Watertown’s Merrie Najimy will be taking a leave of absence from teaching kindergarten in Concord for two years so that she can serve as president of the largest teachers union in the state.
On May 5, Najimy was elected president of the Massachusetts Teachers Association with her running made, vice president Max Page, a professor of architecture at UMass Amherst. Before being elected, Najimy served on the board of directors of the MTA for six years and was president of the Concord Teachers Association for 11 years.
In the classroom, Najimy has taught grades kindergarten to third grade for 28 years, the last 23 in Concord.
Both teaching and unionism run in her family, said Najimy, who has lived in Watertown for 25 years, but who grew up in Pittsfield.
“When I was a child my Dad was on the board of directors of the MTA,” Najimy said.

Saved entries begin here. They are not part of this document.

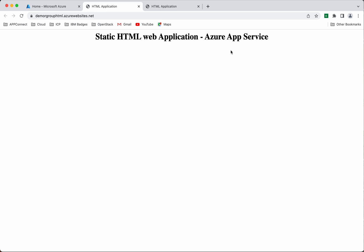In this demo we have seen how to create a new resource group, how to create a simple static HTML web application, and deploy that web application to the Azure App Service using the Azure Cloud Shell.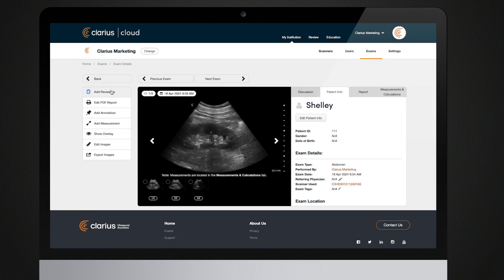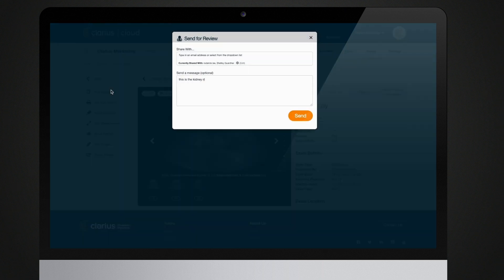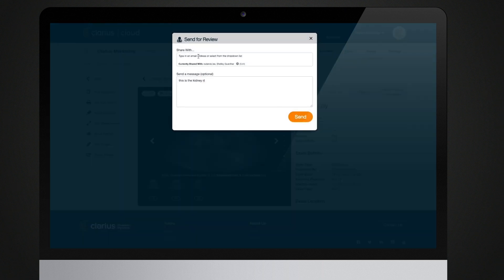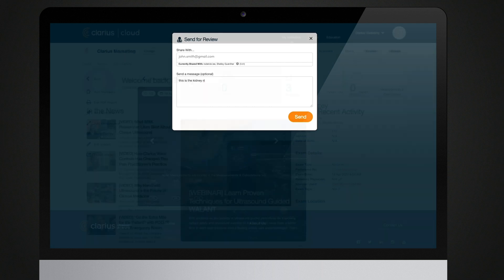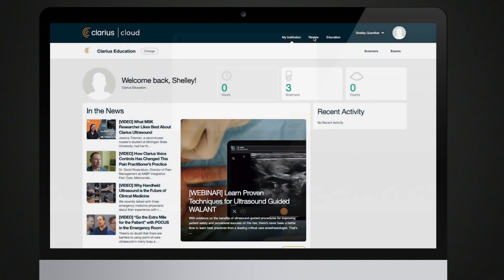You can share exams with people in your institution. You can also share exams with people outside your institution by typing in their email address. They will receive an email with a link to view the exam as a reviewer.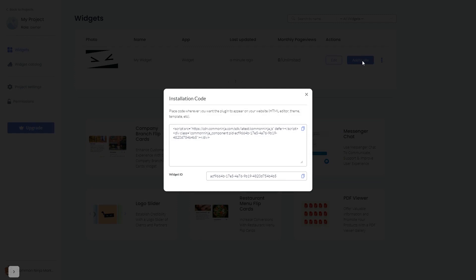In the window that opens, copy the code and close the window.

Najimy will become union president at a time when teachers unions are making waves nationally, including teacher strikes in West Virginia and Oklahoma. She said she believes that the MTA is pushing for the same thing as other unions.
“When I think about unionism, unions work and fight for social justice and economic justice,” Najimy said.
While she works in a district blessed with resources and programs, Najimy said she will fight to get the same opportunities for all students in Massachusetts. She said Concord provides her with an example of what all schools need and deserve.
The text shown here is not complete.